Biogasanlagen in Not: Gerichtsklage von EWE Netz kürzt Fördergelder drastisch
Hannah BöhmBiogasanlagen in Not: Gerichtsklage von EWE Netz kürzt Fördergelder drastisch
Ein aktuelles Gerichtsurteil hat Betreiber von Biogasanlagen in Norddeutschland vor erhebliche finanzielle Rückschläge gestellt. Das Landgericht Oldenburg gab im November 2023 dem Energienetzbetreiber EWE Netz GmbH recht und legte einen zentralen Abschnitt des Erneuerbare-Energien-Gesetzes (EEG) 2023 so aus, dass die Subventionszahlungen drastisch gekürzt werden. Die Anlagenbetreiber warnen nun vor massiven Einnahmeausfällen – einige Standorte könnten dadurch sogar in die Insolvenz rutschen.

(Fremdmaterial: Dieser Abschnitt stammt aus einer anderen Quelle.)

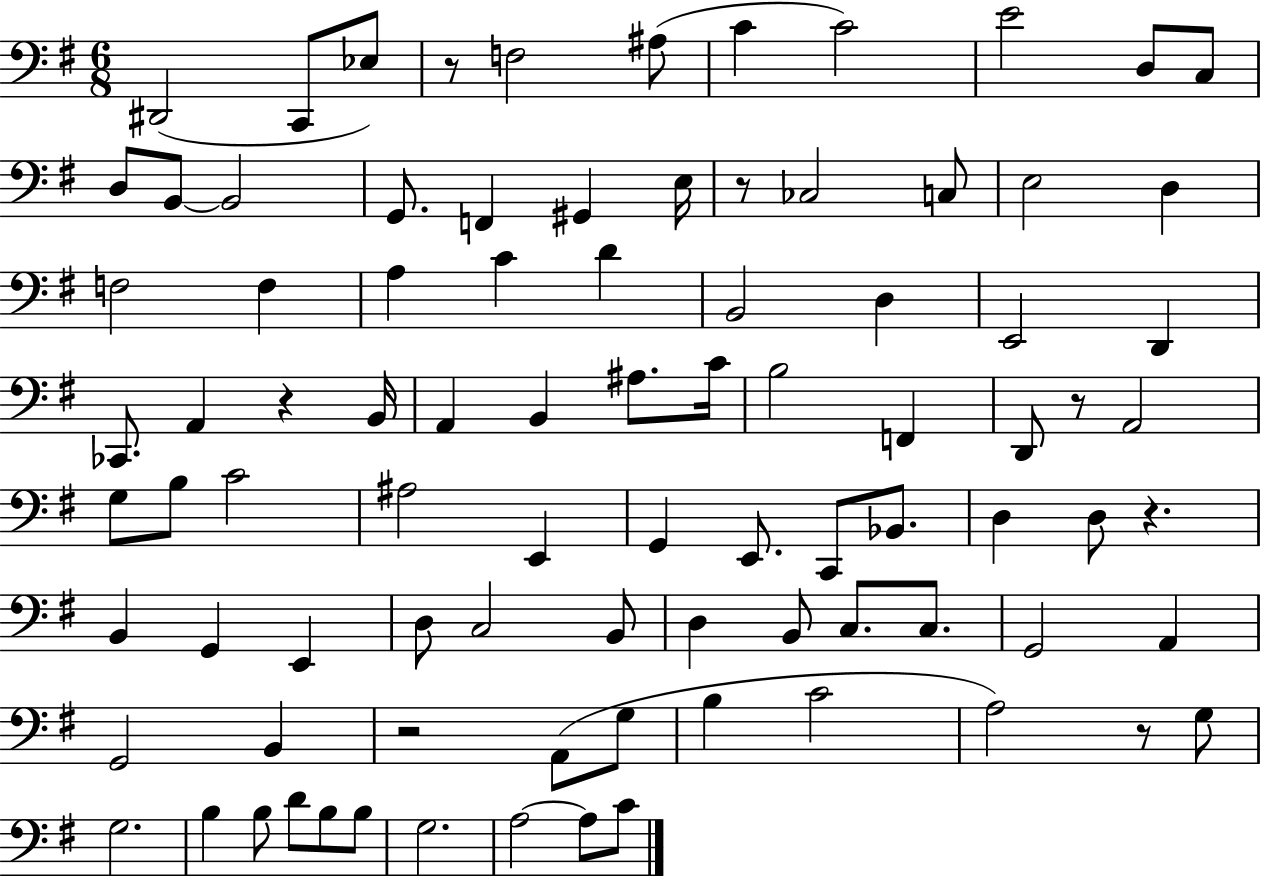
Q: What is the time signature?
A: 6/8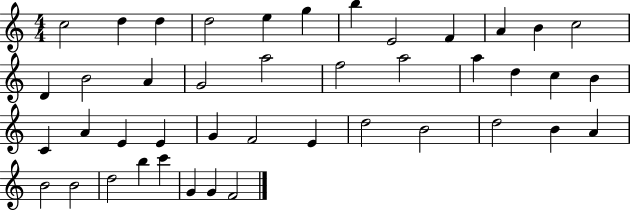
X:1
T:Untitled
M:4/4
L:1/4
K:C
c2 d d d2 e g b E2 F A B c2 D B2 A G2 a2 f2 a2 a d c B C A E E G F2 E d2 B2 d2 B A B2 B2 d2 b c' G G F2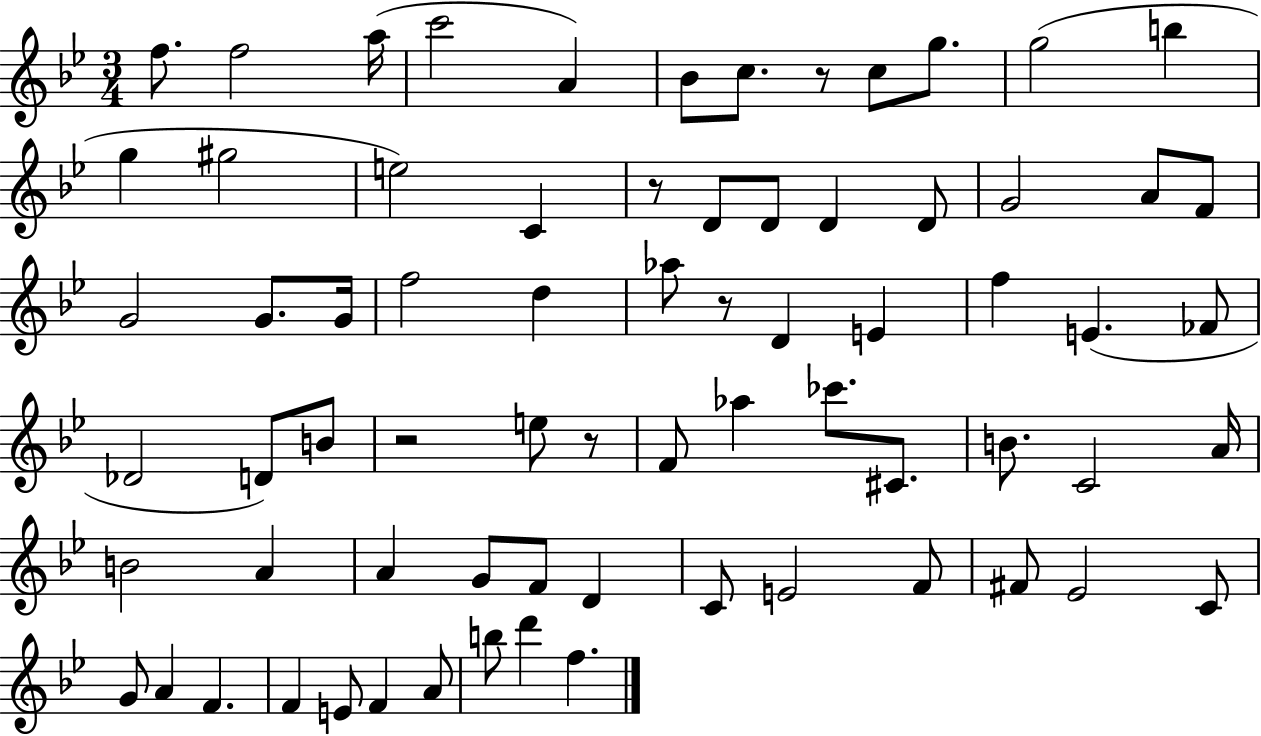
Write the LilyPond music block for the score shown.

{
  \clef treble
  \numericTimeSignature
  \time 3/4
  \key bes \major
  f''8. f''2 a''16( | c'''2 a'4) | bes'8 c''8. r8 c''8 g''8. | g''2( b''4 | \break g''4 gis''2 | e''2) c'4 | r8 d'8 d'8 d'4 d'8 | g'2 a'8 f'8 | \break g'2 g'8. g'16 | f''2 d''4 | aes''8 r8 d'4 e'4 | f''4 e'4.( fes'8 | \break des'2 d'8) b'8 | r2 e''8 r8 | f'8 aes''4 ces'''8. cis'8. | b'8. c'2 a'16 | \break b'2 a'4 | a'4 g'8 f'8 d'4 | c'8 e'2 f'8 | fis'8 ees'2 c'8 | \break g'8 a'4 f'4. | f'4 e'8 f'4 a'8 | b''8 d'''4 f''4. | \bar "|."
}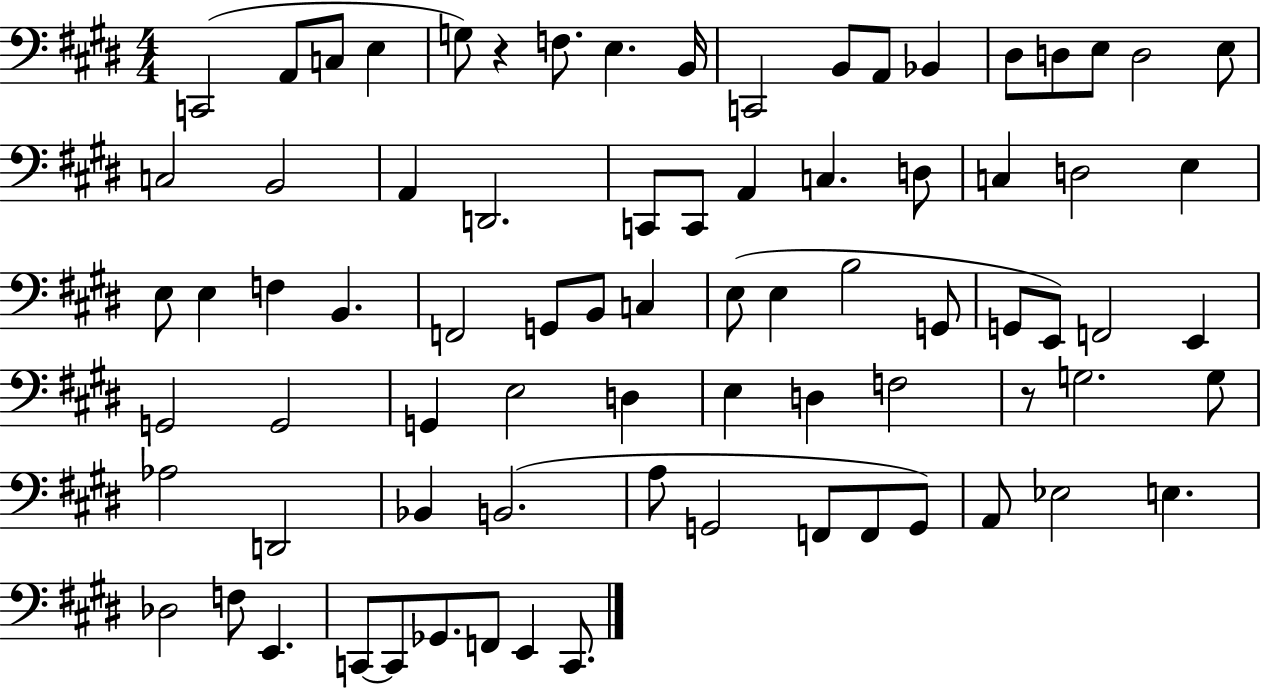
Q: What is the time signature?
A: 4/4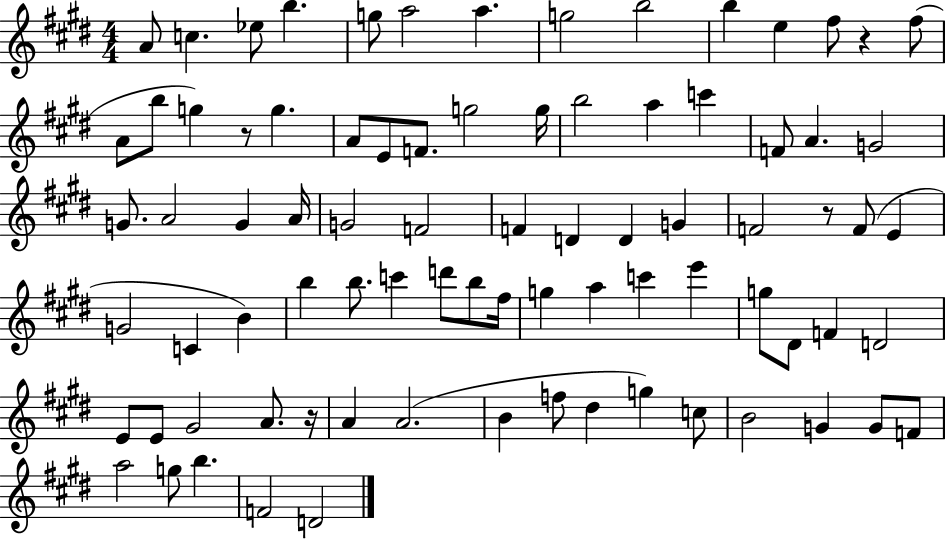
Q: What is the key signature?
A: E major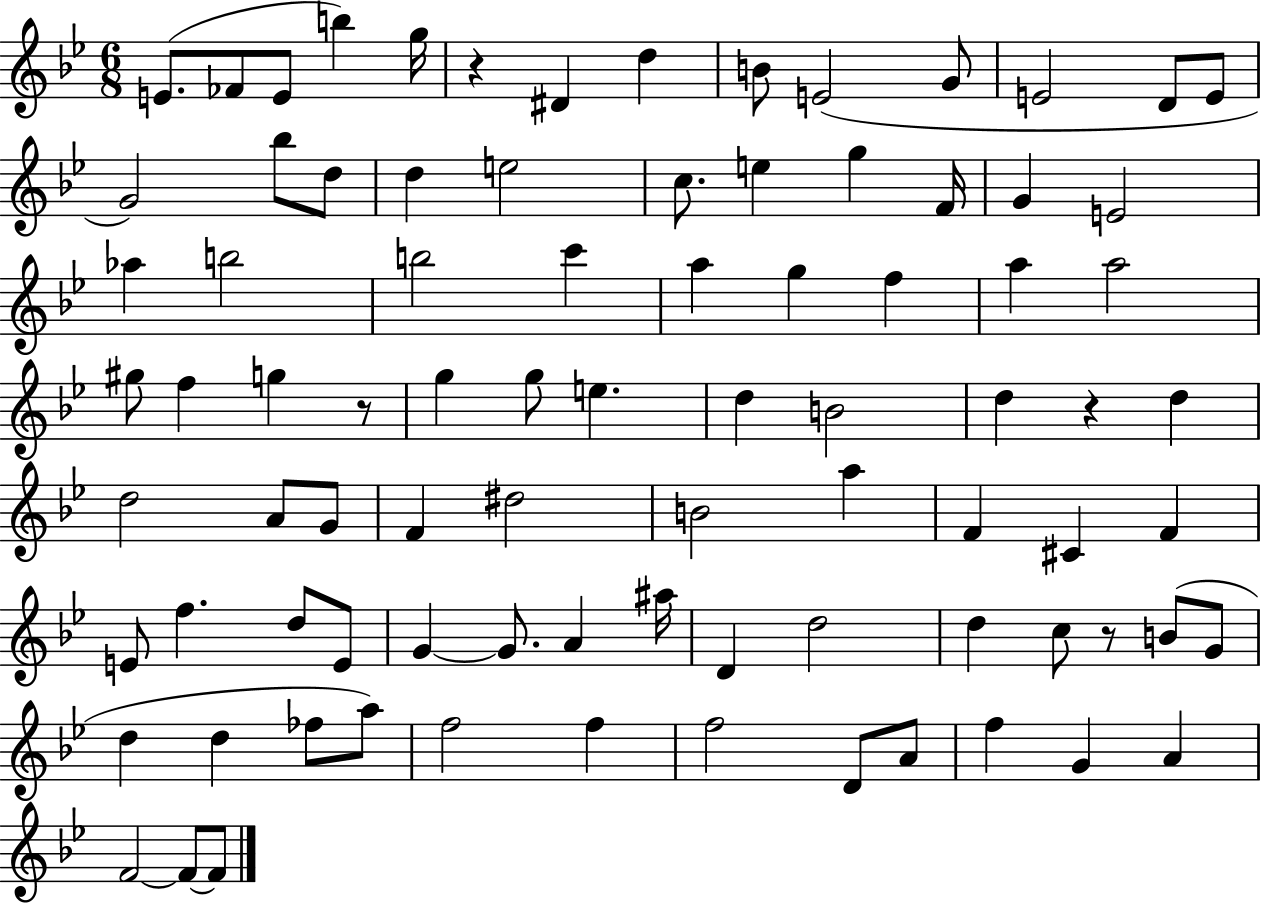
X:1
T:Untitled
M:6/8
L:1/4
K:Bb
E/2 _F/2 E/2 b g/4 z ^D d B/2 E2 G/2 E2 D/2 E/2 G2 _b/2 d/2 d e2 c/2 e g F/4 G E2 _a b2 b2 c' a g f a a2 ^g/2 f g z/2 g g/2 e d B2 d z d d2 A/2 G/2 F ^d2 B2 a F ^C F E/2 f d/2 E/2 G G/2 A ^a/4 D d2 d c/2 z/2 B/2 G/2 d d _f/2 a/2 f2 f f2 D/2 A/2 f G A F2 F/2 F/2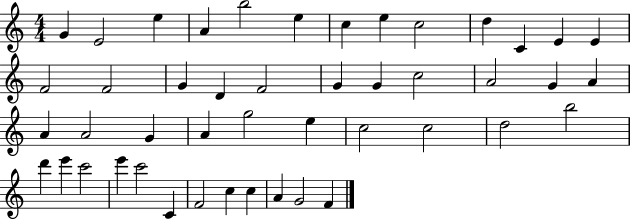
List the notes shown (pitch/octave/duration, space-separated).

G4/q E4/h E5/q A4/q B5/h E5/q C5/q E5/q C5/h D5/q C4/q E4/q E4/q F4/h F4/h G4/q D4/q F4/h G4/q G4/q C5/h A4/h G4/q A4/q A4/q A4/h G4/q A4/q G5/h E5/q C5/h C5/h D5/h B5/h D6/q E6/q C6/h E6/q C6/h C4/q F4/h C5/q C5/q A4/q G4/h F4/q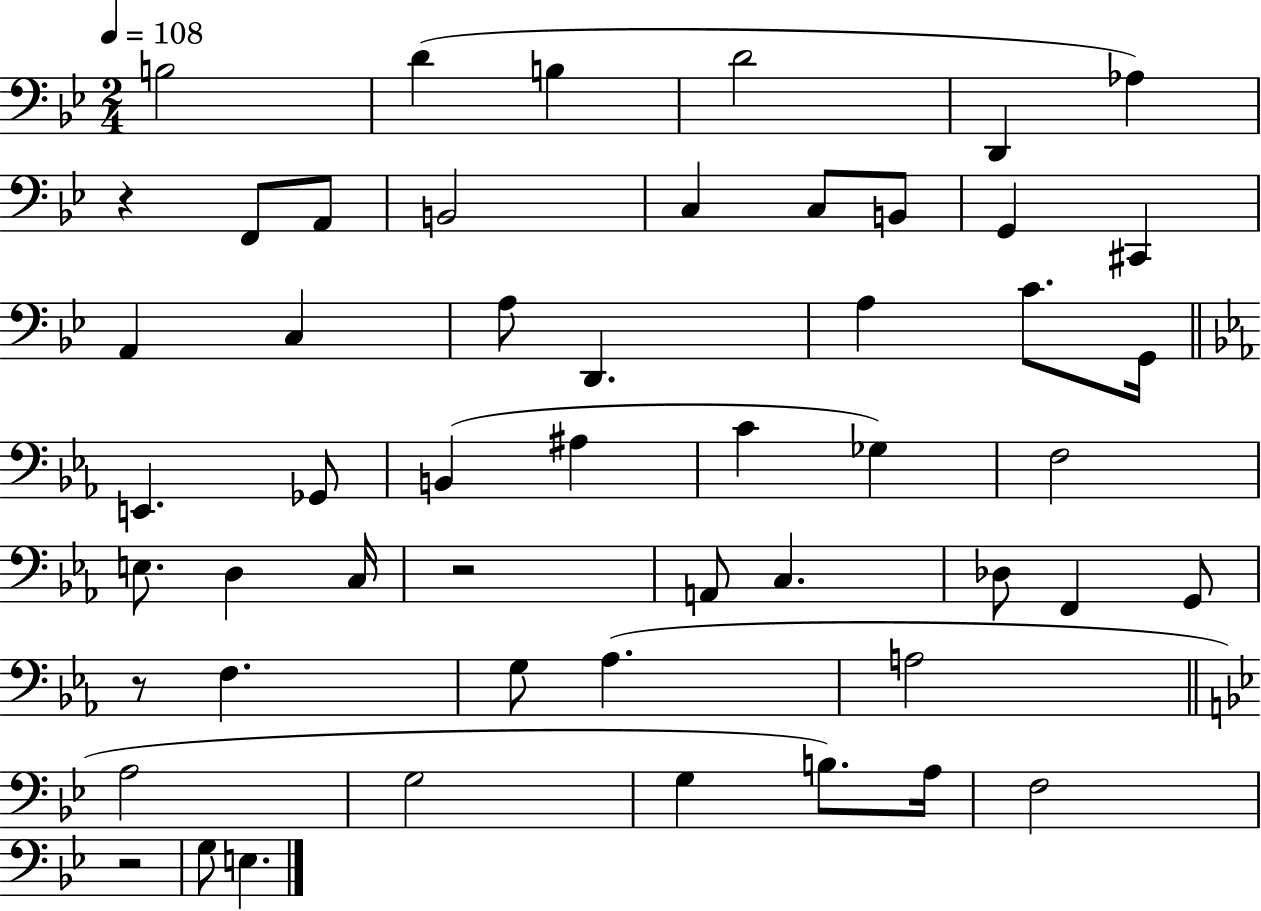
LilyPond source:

{
  \clef bass
  \numericTimeSignature
  \time 2/4
  \key bes \major
  \tempo 4 = 108
  b2 | d'4( b4 | d'2 | d,4 aes4) | \break r4 f,8 a,8 | b,2 | c4 c8 b,8 | g,4 cis,4 | \break a,4 c4 | a8 d,4. | a4 c'8. g,16 | \bar "||" \break \key c \minor e,4. ges,8 | b,4( ais4 | c'4 ges4) | f2 | \break e8. d4 c16 | r2 | a,8 c4. | des8 f,4 g,8 | \break r8 f4. | g8 aes4.( | a2 | \bar "||" \break \key bes \major a2 | g2 | g4 b8.) a16 | f2 | \break r2 | g8 e4. | \bar "|."
}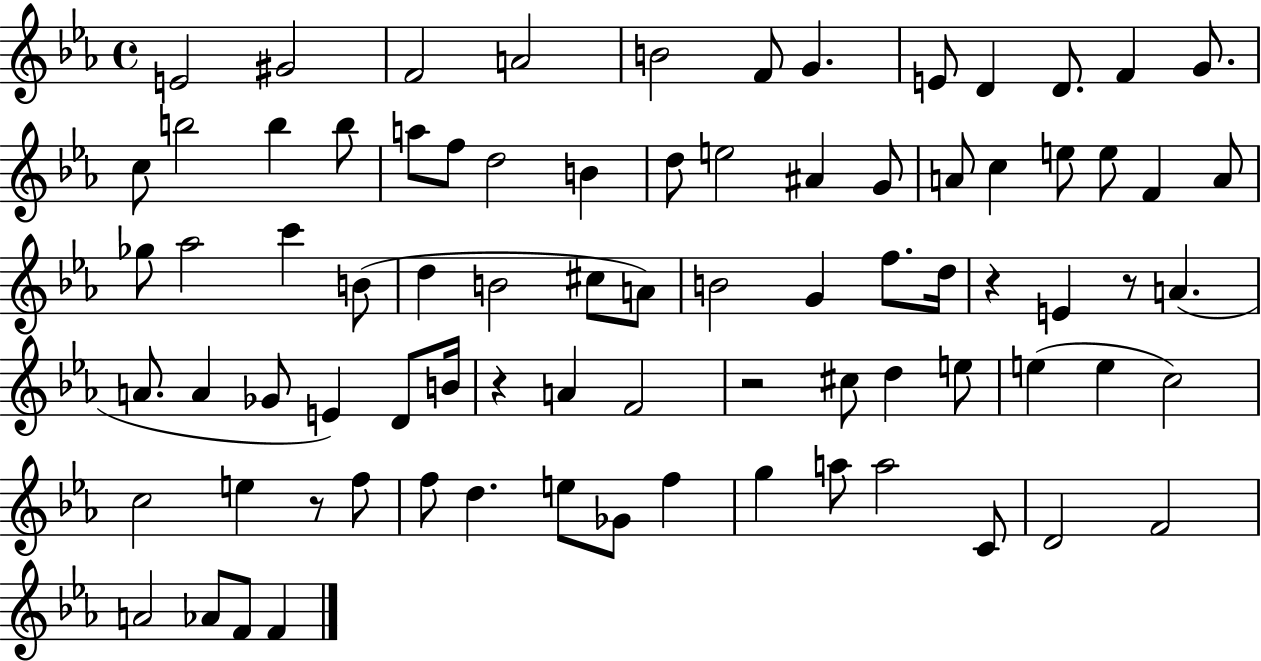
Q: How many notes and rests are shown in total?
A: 81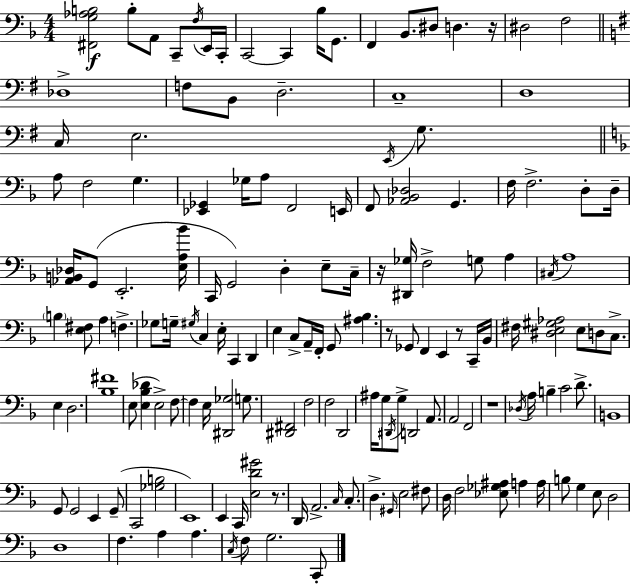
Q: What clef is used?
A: bass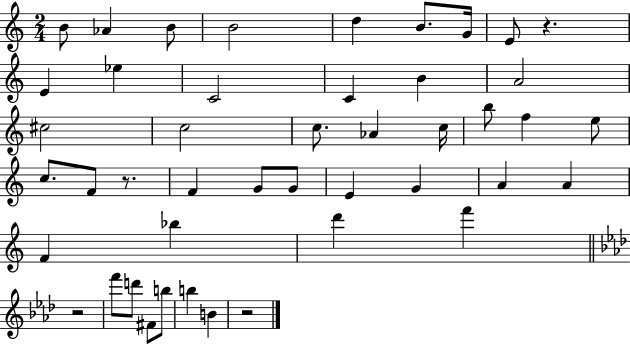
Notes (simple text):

B4/e Ab4/q B4/e B4/h D5/q B4/e. G4/s E4/e R/q. E4/q Eb5/q C4/h C4/q B4/q A4/h C#5/h C5/h C5/e. Ab4/q C5/s B5/e F5/q E5/e C5/e. F4/e R/e. F4/q G4/e G4/e E4/q G4/q A4/q A4/q F4/q Bb5/q D6/q F6/q R/h F6/e D6/e F#4/e B5/e B5/q B4/q R/h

Streitpunkt ist Paragraf 39g Absatz 6 des EEG 2023, der regelt, wie bestehende Biomasseanlagen Anspruch auf Anschlussförderung haben. Im Mittelpunkt steht der sogenannte "maßgebliche Wert" – die Berechnungsgrundlage für die Gesamtförderung, die sich aus Marktwert und Marktprämie zusammensetzt. EWE Netz vertrat die Auffassung, dieser Wert dürfe höchstens dem Durchschnitt der Zahlungen der drei Vorjahre entsprechen, ohne den Marktwert selbst einzubeziehen. Das Gericht bestätigte diese Auslegung.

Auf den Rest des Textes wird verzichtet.